1. Field of the Invention
The present invention relates to an ejector and an ejector cycle device using the same. The ejector cycle device can be suitably used for a vapor compression type refrigerating cycle using an ejector.
2. Description of the Related Art
As for a vapor compression type refrigerating cycle using an ejector, there is proposed a vapor compression type refrigerating cycle as described, for example, in JP-B1-3322263 (corresponding to U.S. Pat. Nos. 6,477,857, 6,574,987) that employs a vapor/liquid separator and an ejector for flowing only liquid-phase refrigerant into an evaporator. Moreover, JP-A-2005-37093 (corresponding to US 2005/0011221A1) proposes a vapor compression type refrigerating cycle including a differential pressure valve that is located between a vapor/liquid separator and an evaporator and has a differential pressure between before and after itself controlled nearly proportionally to a differential pressure between before and after an ejector, and a check valve that is arranged in series with this differential pressure valve and allows refrigerant to flow only in a direction in which refrigerant flows from the liquid refrigerant outlet of the vapor/liquid separator.
However, one of problems of the vapor compression type refrigerating cycle using the above-mentioned conventional ejector is that when the performance of an ejector is degraded, in particular, in the case of low outside air temperature, the amount of refrigerant flowing through an evaporator decreases to degrade the performance of the evaporator. For this reason, it is demanded to provide a cycle construction in which even when the performance of the ejector is degraded, refrigerant flows through the evaporator.
Moreover, a vapor compression type heat pump cycle in which heat on a low temperature side is transferred to a high temperature side by the use of an ejector is described in U.S. Pat. No. 6,550,265. Here, an ejector type heat pump cycle is provided to switch two heat exchangers between the high temperature side and the low temperature side by the use of two four-way valves.
However, the heat pump cycle constructed of two four-way valves increases cost and also decreases the ease with which it is mounted.
Moreover, there has been known an ejector cycle device in which a nozzle portion of an ejector and a pressure reducing means separate from the nozzle portion are integrated with each other, thereby being reduced in size (e.g., JP-A-2004-44906 corresponding to U.S. Pat. No. 6,871,506).

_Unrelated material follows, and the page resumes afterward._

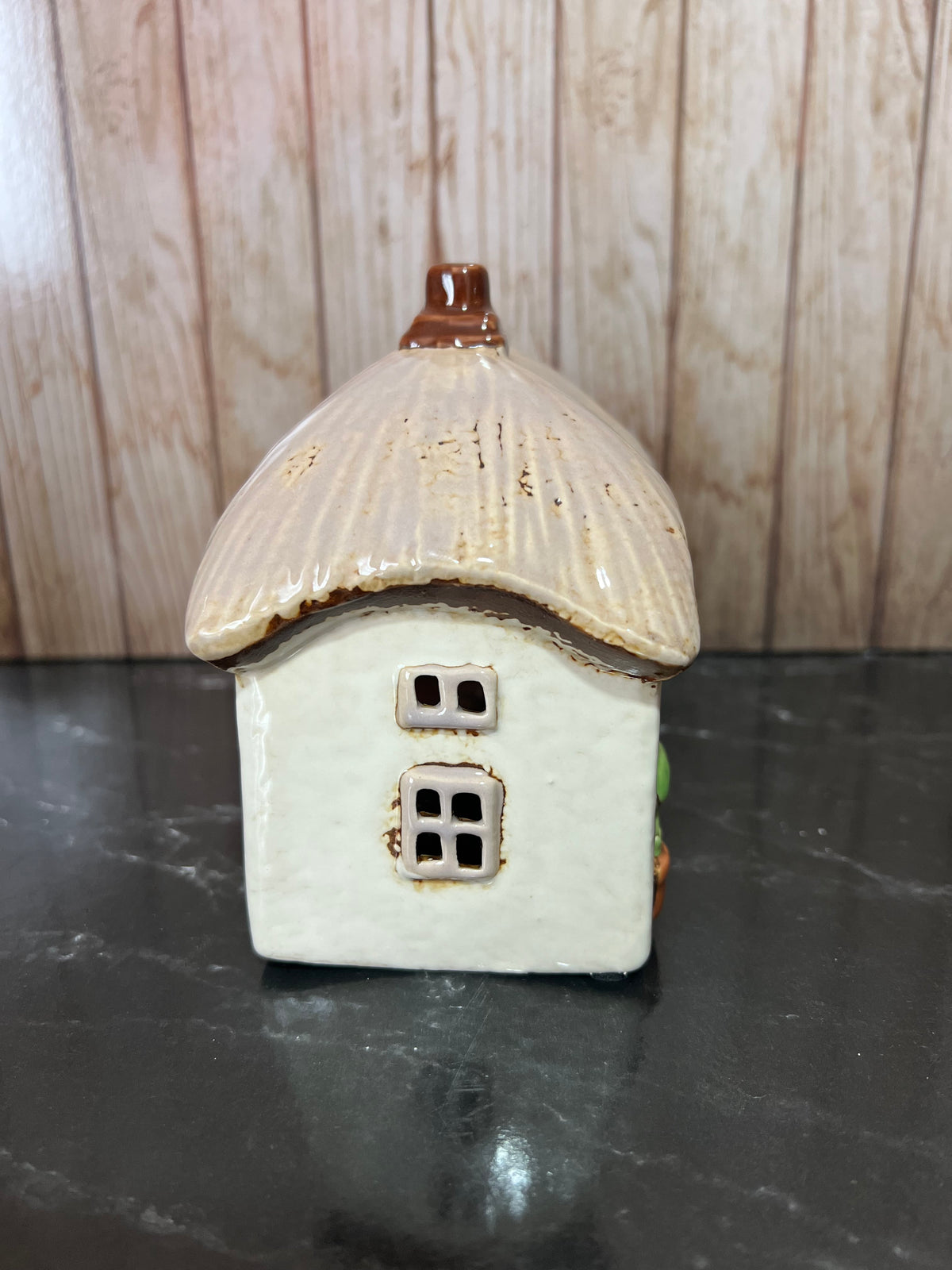 The Red Lion Pub Ceramic Tea Light Holder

In the cycle disclosed in JP-A-2004-44906, an ejector with which a variable throttle is integrated is connected to the downstream side of a radiator, an accumulator is connected to the downstream side of the ejector, the liquid-phase refrigerant outlet of the accumulator is connected to the inlet of an evaporator, and the outlet of the evaporator is connected to the refrigerant suction port of the ejector. Therefore, the amount of refrigerant drawn by the evaporator depends only on the suction capacity of the ejector. For this reason, when the difference between high pressure and low pressure of the cycle becomes small and hence the input of the ejector decreases, the suction capacity of the ejector decreases, and the flow rate of refrigerant of the evaporator decreases. In this case, the evaporator cannot fully exert a cooling capacity.